Encrypting data is only one part of the puzzle. Once data is encrypted the integrity of the data must be protected as well. This is because encrypted data looks like gibberish until it is decrypted. The only way to know whether the encrypted data you’ve received hasn’t been tampered with is if some kind of cryptographic integrity verification has been implemented and used.

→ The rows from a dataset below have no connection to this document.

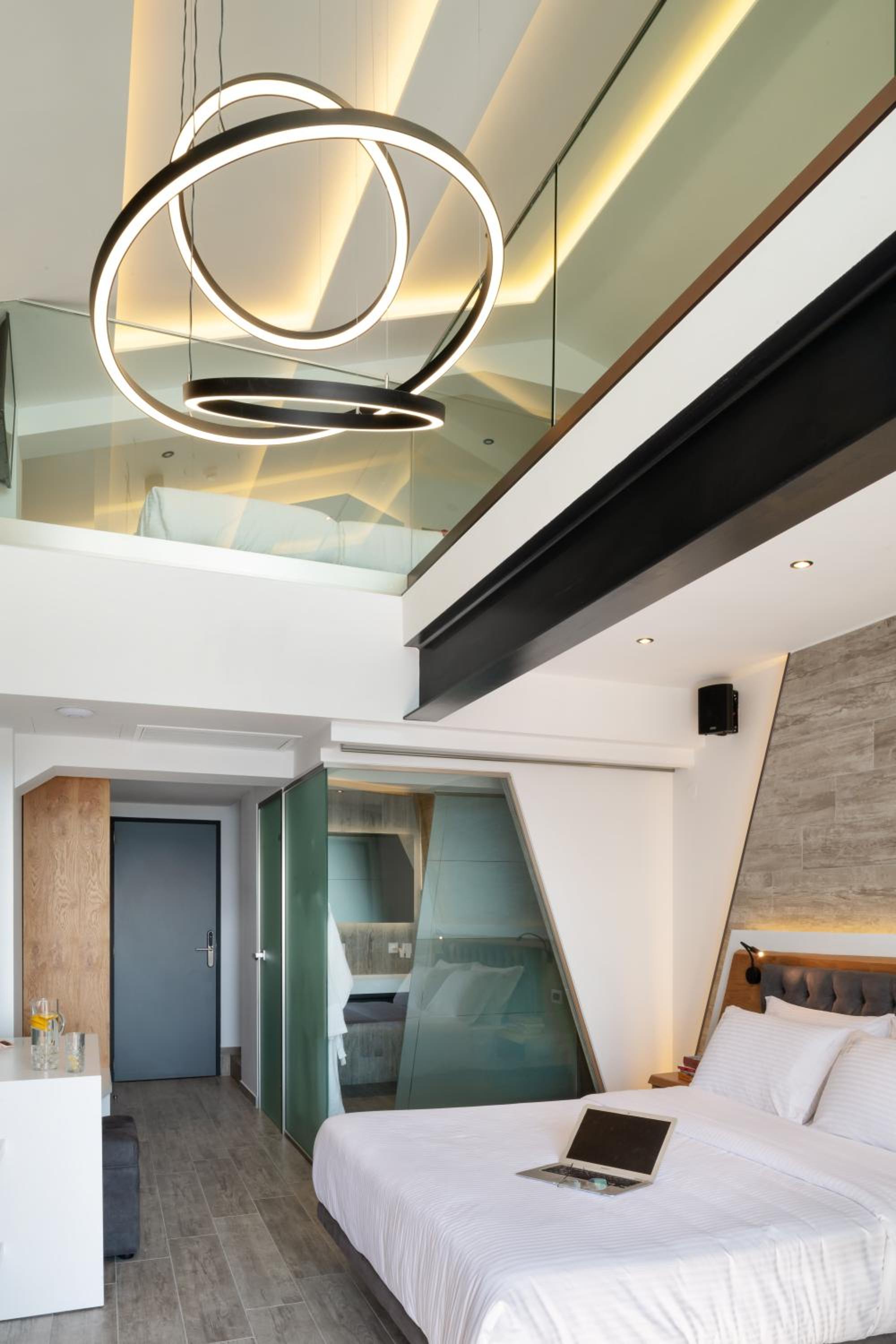 Senior, Suite, Sea Front 5/9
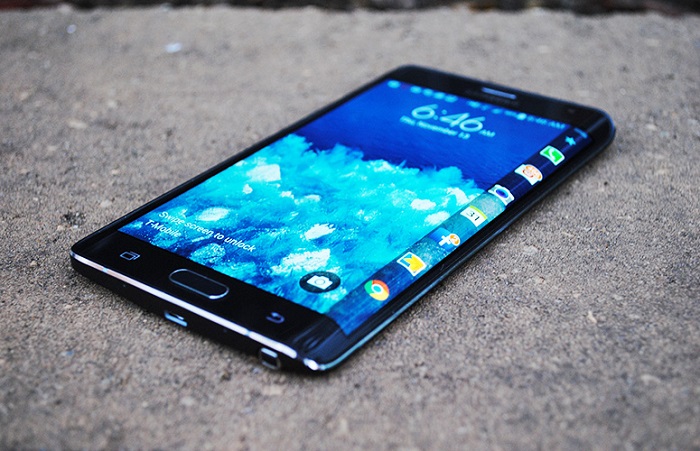 Review: Samsung Galaxy Note Edge – Better Late Than Never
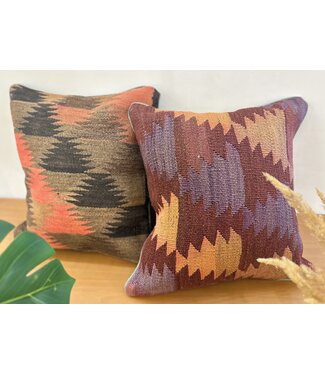 Kelimshop 2x Kelim-Kissenbezug mit Füllung. Handgefertigte Kelim-Kissen, ca. 45 x 45 cm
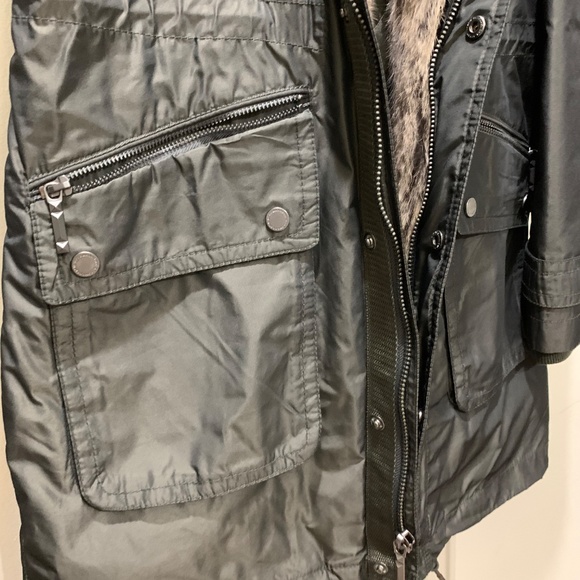 BCBGMAXAZRIA parka jacket with detachable lining, evergreen color, size XS - Picture 7 of 16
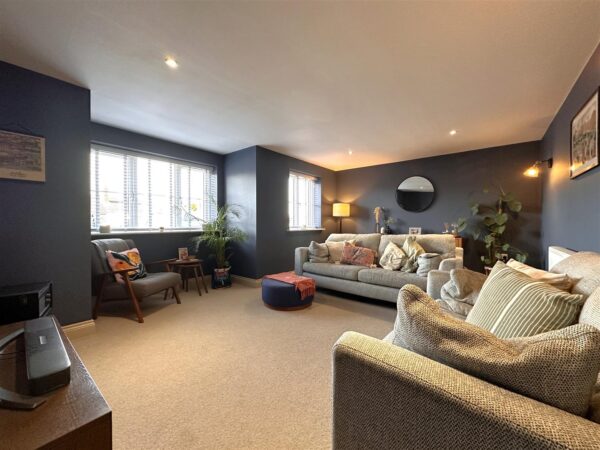 Alexander Mews, Balderton, Newark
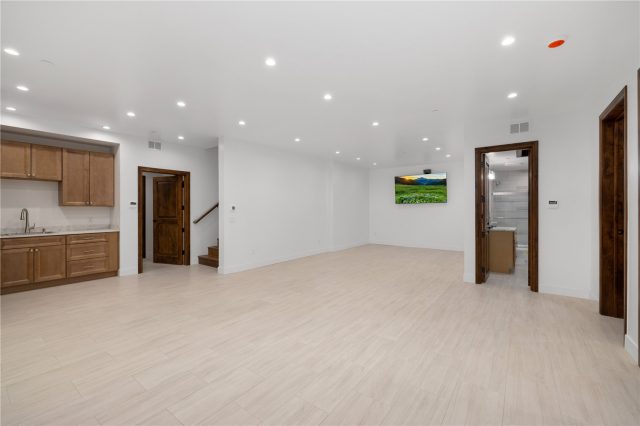 91 Masters Drive photo 18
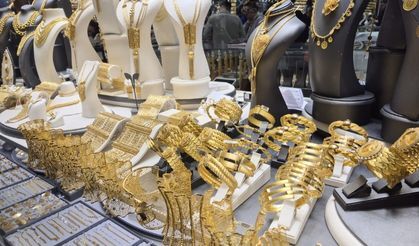 Yatırımcılar İçin Kritik Çarşamba Uyarısı

Finans analisti İslam Memiş, 2025 Kurban Bayramı öncesinde yatırımcılara yönelik önemli bir mesaj paylaştı. Memiş, güncel altın fiyatlarındaki dalgalanmalar, yükselen mevduat faizleri ve Bitcoin fiyatlarındaki artış gibi piyasa dinamiklerinin yaşandığı bu süreçte, yatırımcıların sabırlı olması gerektiğini vurguladı. Özellikle çarşamba gününe dikkat çeken analist, "Çarşamba gününe kadar gelecek haberlere kimse atlamamalı." diyerek, aceleci kararların zararlı olabileceğini ifade etti. Memiş'e göre, yorum yapmak yerine sessiz, sakin ve soğukkanlı bir şekilde piyasayı takip etmek, bu dönemde daha kazançlı bir strateji olabilir.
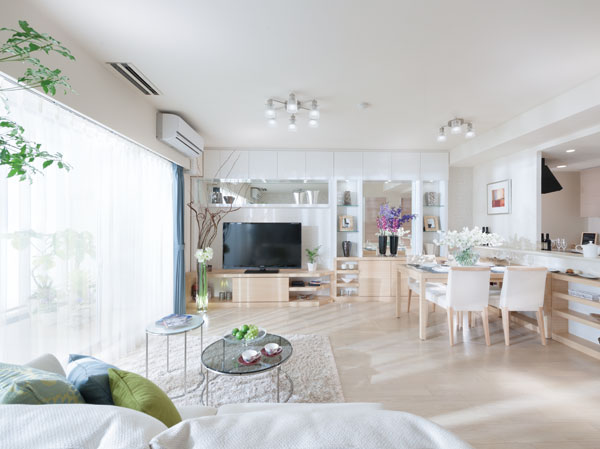 Living.  [living ・ dining]  ※ Published photograph of furniture was taken the model room (80I type) (March 2013) ・ Furniture etc. option specification is not included in the sale price.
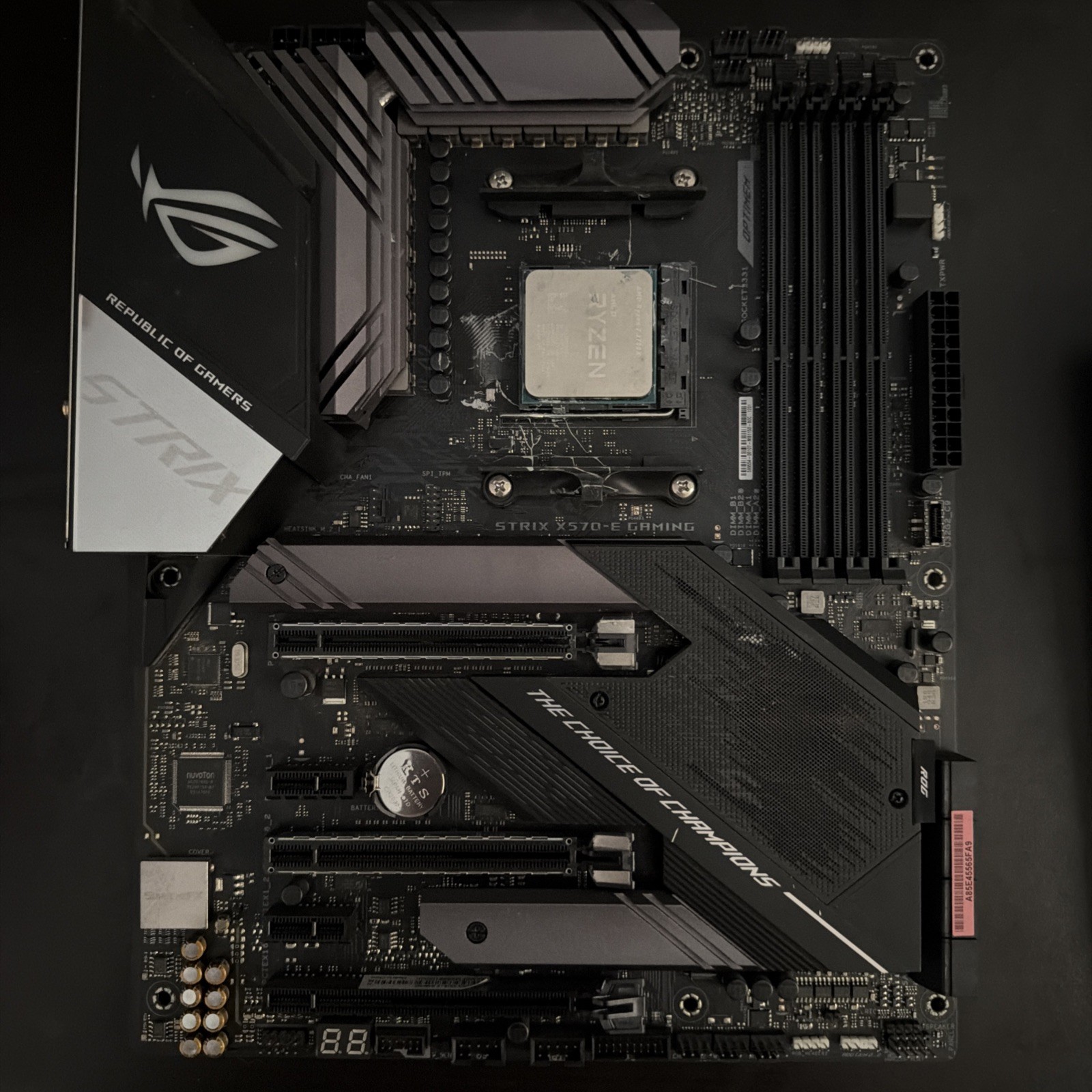ASUS Rog STRIX X570-e Motherboard W/ CPU AMD Ryzen 7 3700x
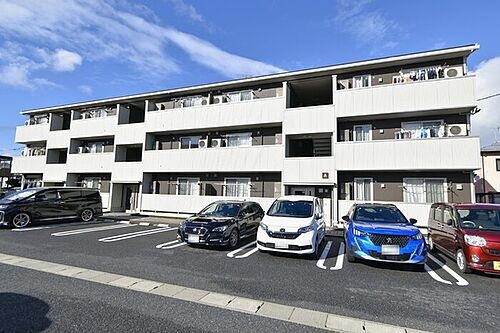 新潟県新潟市中央区新和２丁目 3階建 築8年10ヶ月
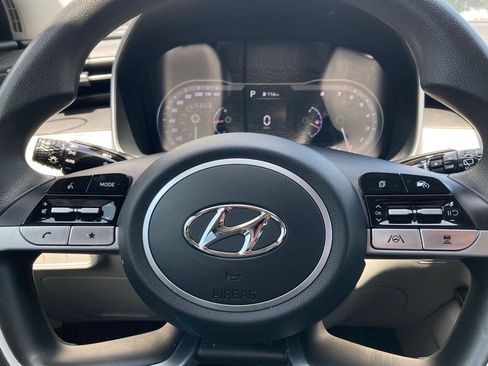 Used 2024 Hyundai Tucson SEL FWD image 17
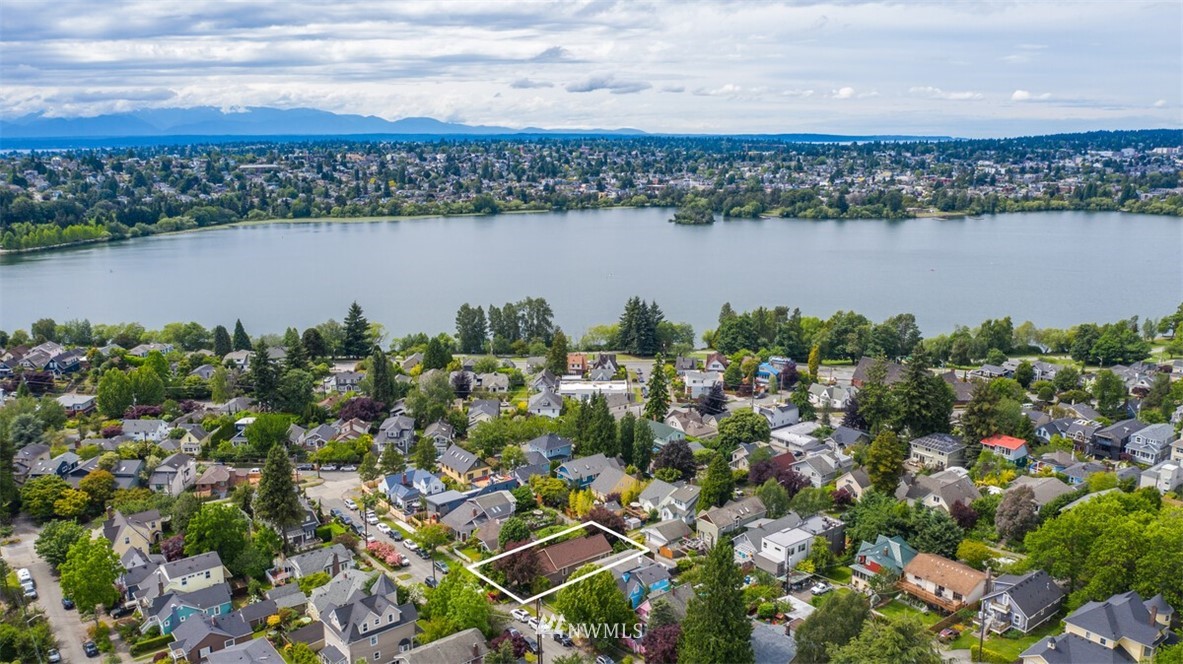 2120 North 61st Street Seattle, WA 98103 - Photo 24 of 27 Gallery Image 24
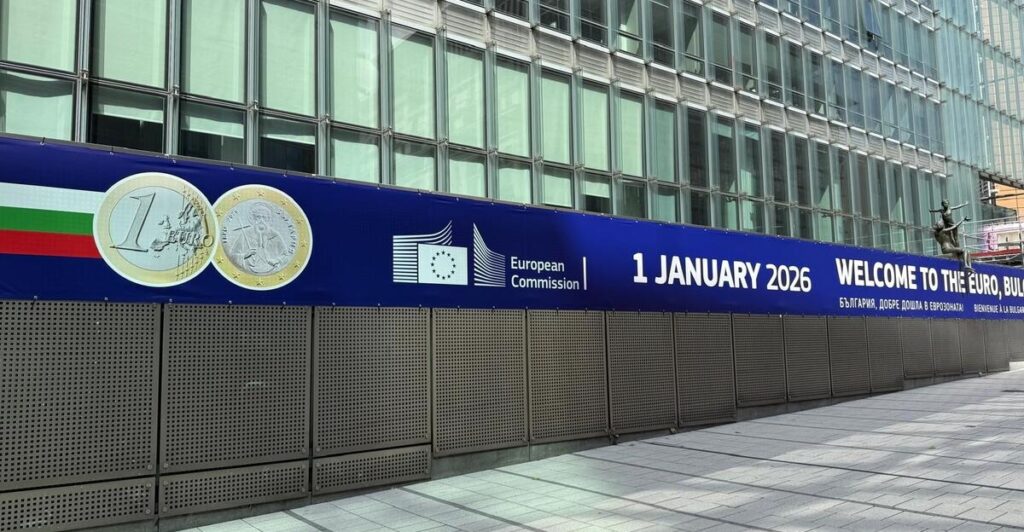 Alpha Research poll finds rise in support among Bulgarians for euro accession – The Sofia Globe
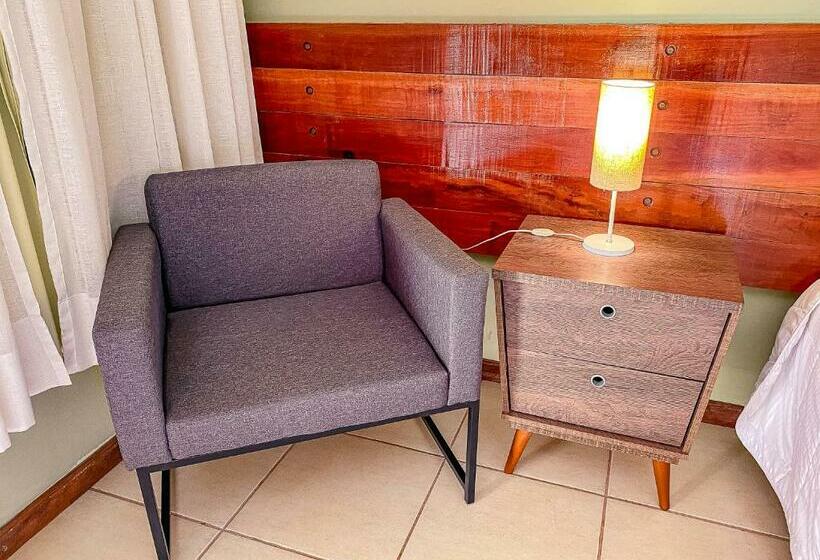 غرفة قياسية ثلاثية مطلة علي الحديقة, Quatro Estações Pesqueiro E Hotel Fazenda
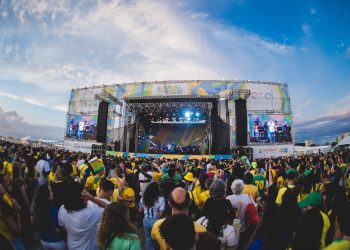 Fan fest no Caminho Niemeyer em Niterói realiza venda de ingressos para eventos durante a Copa de 2026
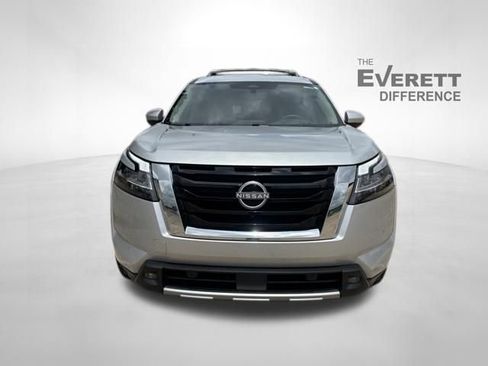 Used 2024 Nissan Pathfinder Platinum FWD image 2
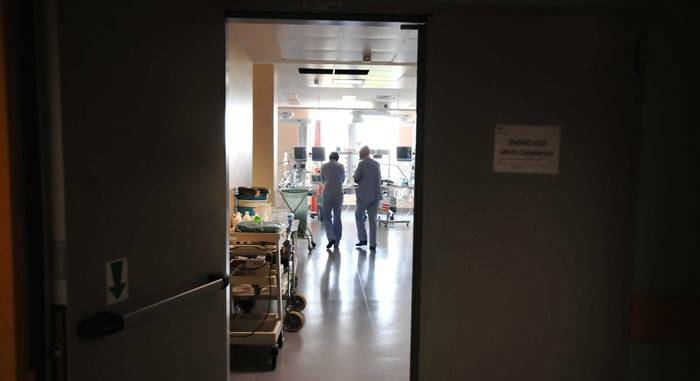 Covid, in Italia sale ancora l’indice Rt e aumentano i ricoveri in terapia intensiva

How can you protect yourself form this kind of attack? Using a Virtual Private Network (VPN) tunnel is probably your best bet. The OpenVPN protocol is used by numerous VPN providers that provide clients for both iOS and Android (as well as other major operating systems such as Windows, Linux, and macOS). OpenVPN, unlike LTE, verifies the integrity of encrypted data and rejects any data that appears to have been tampered with. While using a VPN tunnel may not prevent a malicious attacker from redirecting your LTE traffic, it will ensure that the attacker can’t see your data as a malicious VPN tunnel will fail to provide data that passes your client’s integrity checker and thus your client will cease receiving or transmitting data.
Not seen in the wild, but the requirement for a custom software-defined radio running LTE (hacked version) doesn’t seem like the high bar they are making it out to be.
The cheapest SDR I’ve seen is just over 100 bucks, and the best is about 5 grand.
Might not be the kid camped out at Starbucks, but I bet the FBI/CIA/EIEIO have a setup soon enough.
Yeah, software defined radios aren’t terribly expensive today and the price continues to drop. Even a high end SDR will probably cost a few hundreds bucks in a couple of years.